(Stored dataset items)
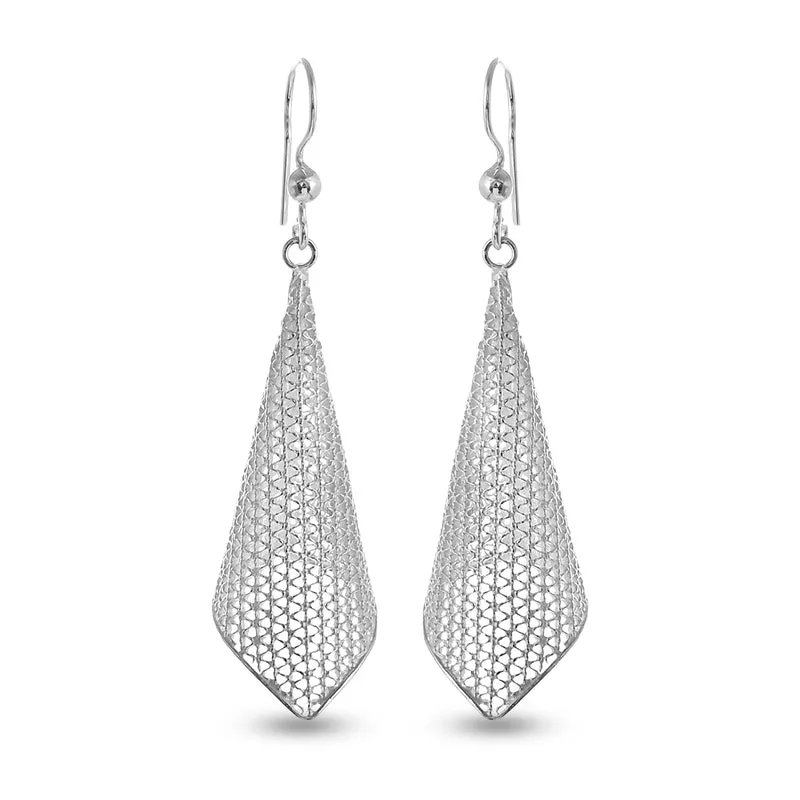 Royal Bali Tarakashi 925 Silber Ohrringe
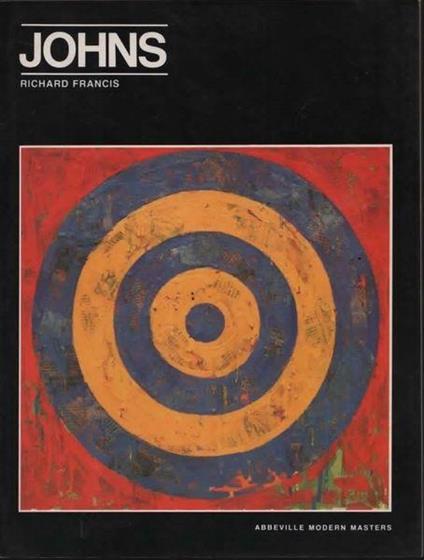 Jasper Johns - Dick Francis - copertina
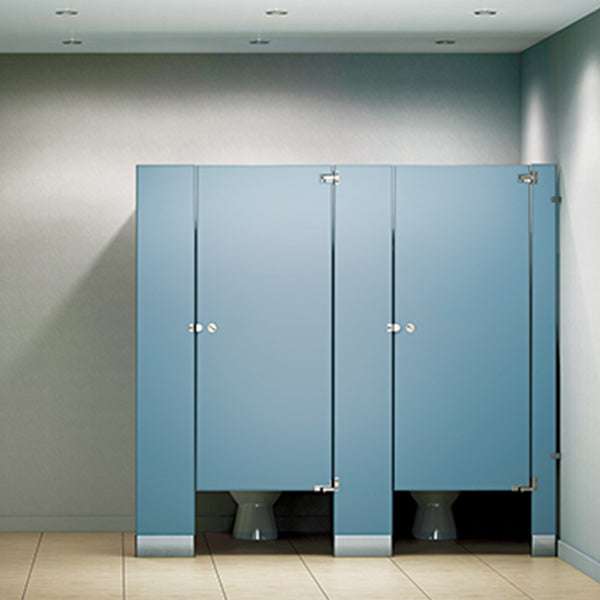 ASI Accurate Toilet Partitions - Durable Plastic Laminate Restroom Dividers for Commercial & Public Bathrooms | ADA Compliant, Water-Resistant, Easy to Clean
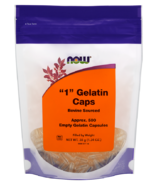 NOW Foods Empty Gelatin Capsules "1"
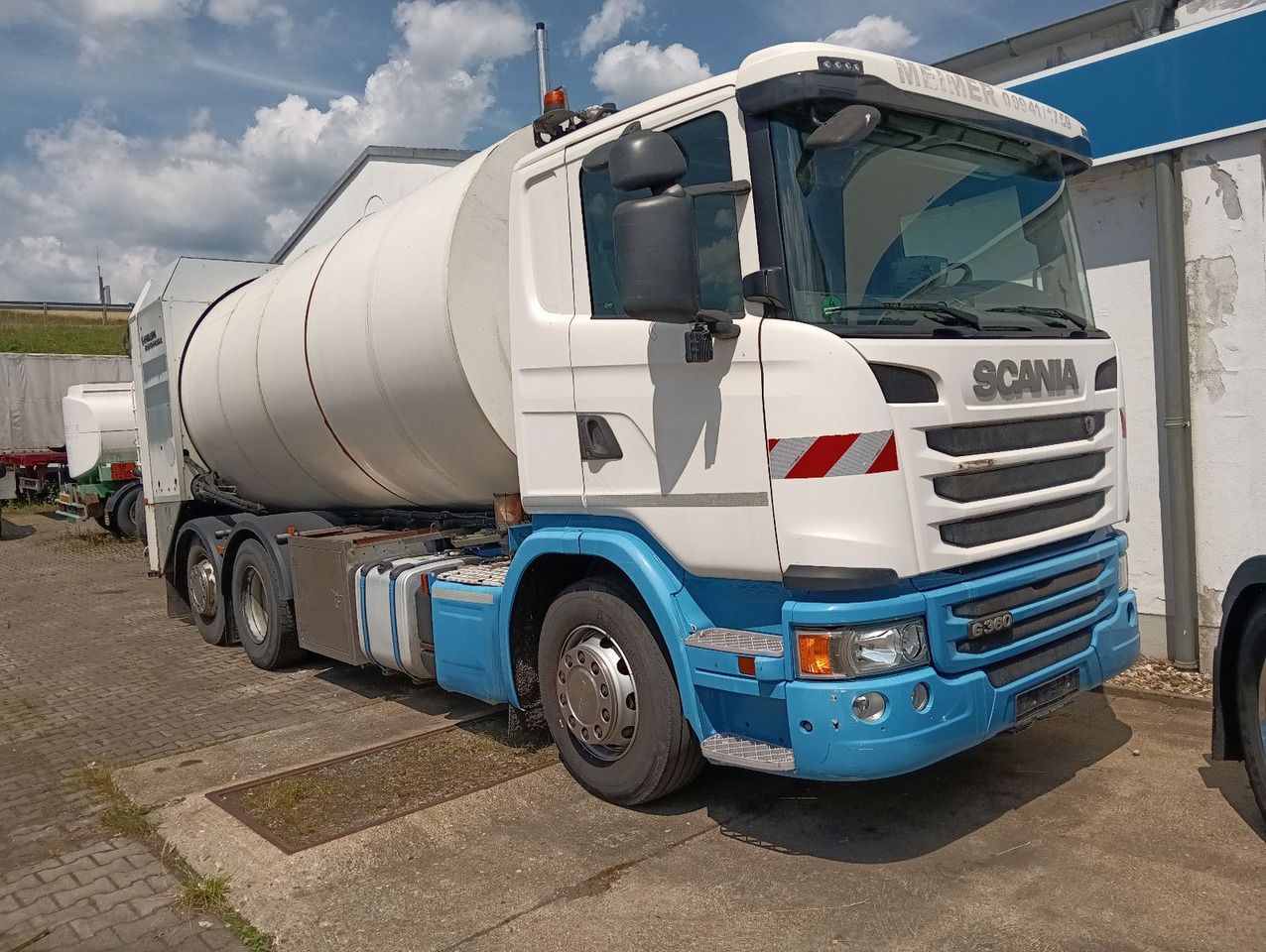 Scania G360 6x2 RETARDER FAUN ROTOPRESS 521L Zöller 230 - Vuilniswagen: afbeelding 1 Scania G360 6x2 RETARDER FAUN ROTOPRESS 521L Zöller 230 - Vuilniswagen: afbeelding 1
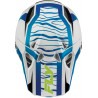 Casque enfant FLY RACING Formula CP Charge - blanc/bleu/noir - Dr Rider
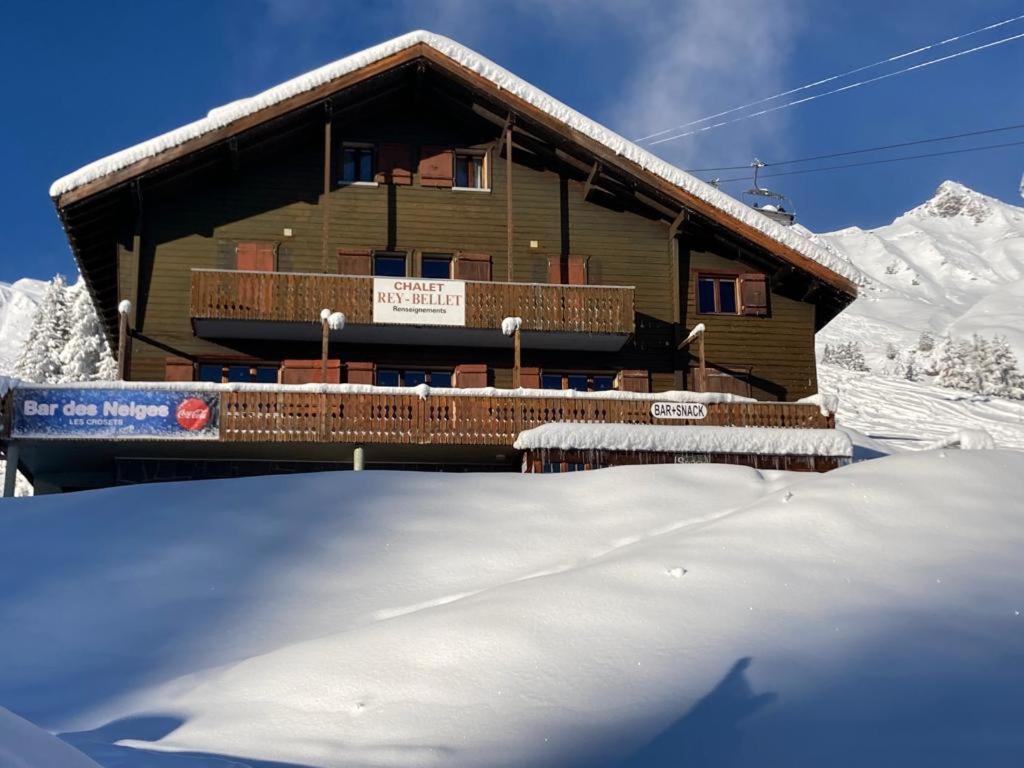 B&B Chalet Rey-Bellet Les Crosets Zewnętrze zdjęcie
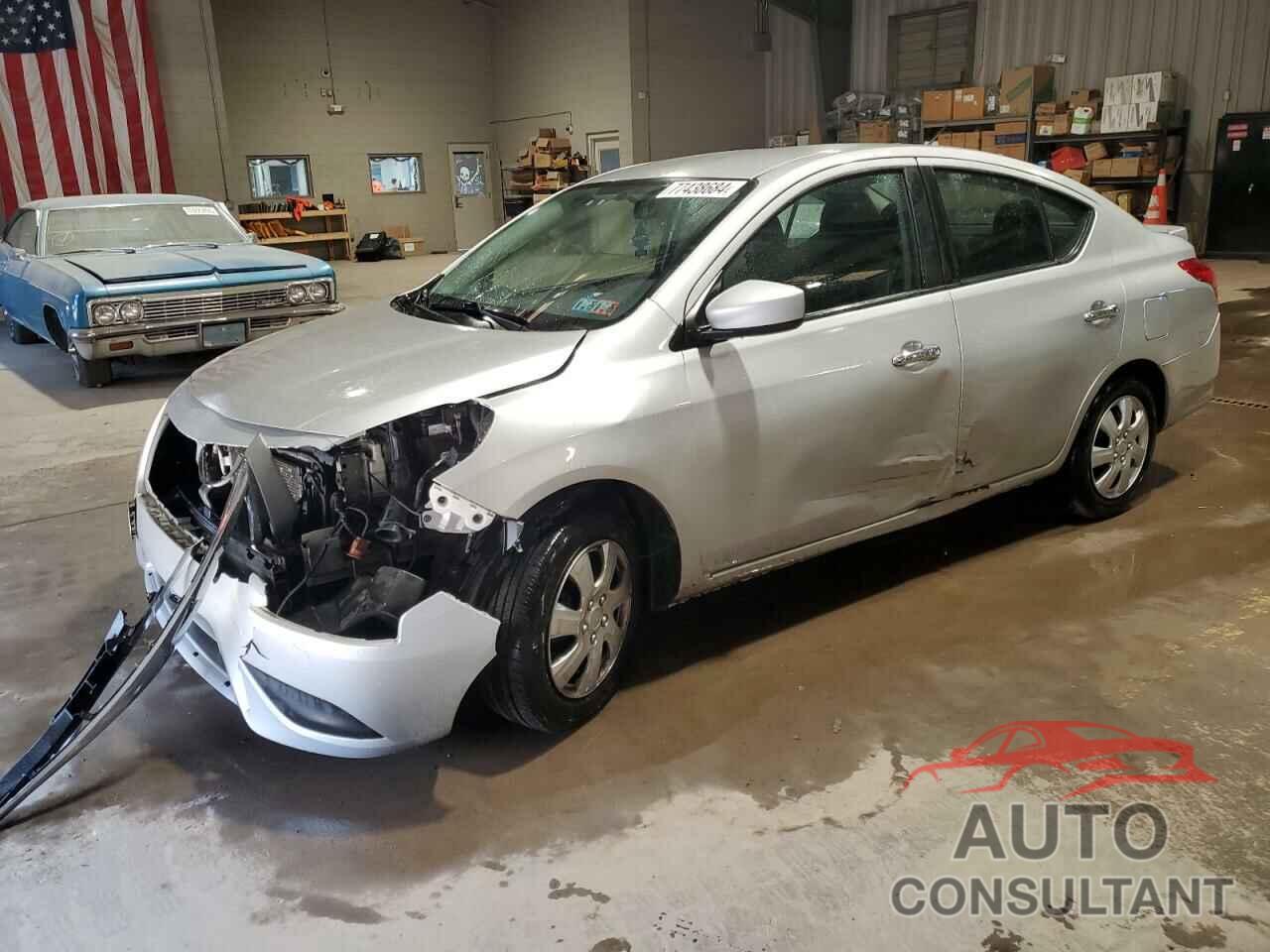 NISSAN VERSA 2017 - 3N1CN7AP3HK456813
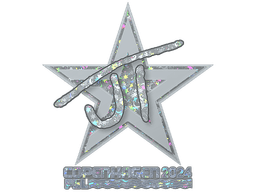 Sticker | JT (Glitter) | Copenhagen 2024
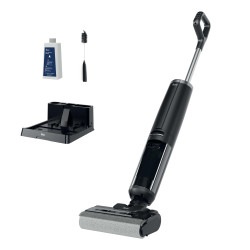 scopa elettrica aspira-lava hoover hw300 011 wet 220w nero [36800003]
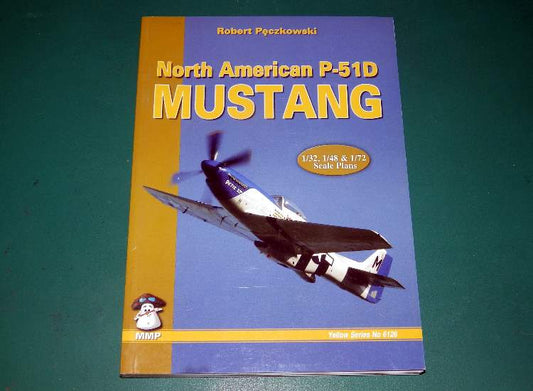 - MMP - Yellow Series 6126: P-51D Mustang w/ Plans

INSTRUCTIONS FOR THE TASK :: Please leave out the pictures as you reproduce the lines exactly, from the first line of the entries through the line containing "afbeelding 1 Scania".

TASK SOLUTION ::
 Royal Bali Tarakashi 925 Silber Ohrringe
 Jasper Johns - Dick Francis - copertina
 ASI Accurate Toilet Partitions - Durable Plastic Laminate Restroom Dividers for Commercial & Public Bathrooms | ADA Compliant, Water-Resistant, Easy to Clean
 NOW Foods Empty Gelatin Capsules "1"
 Scania G360 6x2 RETARDER FAUN ROTOPRESS 521L Zöller 230 - Vuilniswagen: afbeelding 1 Scania G360 6x2 RETARDER FAUN ROTOPRESS 521L Zöller 230 - Vuilniswagen: afbeelding 1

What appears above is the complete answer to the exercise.